* **Work instruction**
An exact restatement of the data is required, with the images omitted.

* **Data shown**
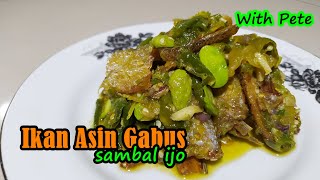 Cara masak ikan asin gabus sambal ijo pete | Sederhana, enak dan pedesnya nampolll … !!!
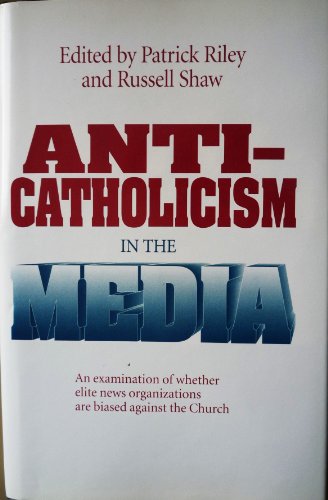 Stock image for Anti-Catholicism in the Media: An Examination of Whether Elite News Organizations Are Biased Against the Church for sale by ThriftBooks-Atlanta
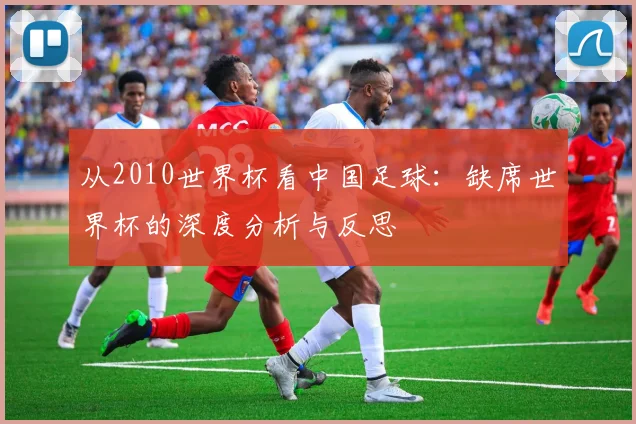 从2010世界杯看中国足球：缺席世界杯的深度分析与反思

* **Response to this task**
 Cara masak ikan asin gabus sambal ijo pete | Sederhana, enak dan pedesnya nampolll … !!!
 Stock image for Anti-Catholicism in the Media: An Examination of Whether Elite News Organizations Are Biased Against the Church for sale by ThriftBooks-Atlanta
 从2010世界杯看中国足球：缺席世界杯的深度分析与反思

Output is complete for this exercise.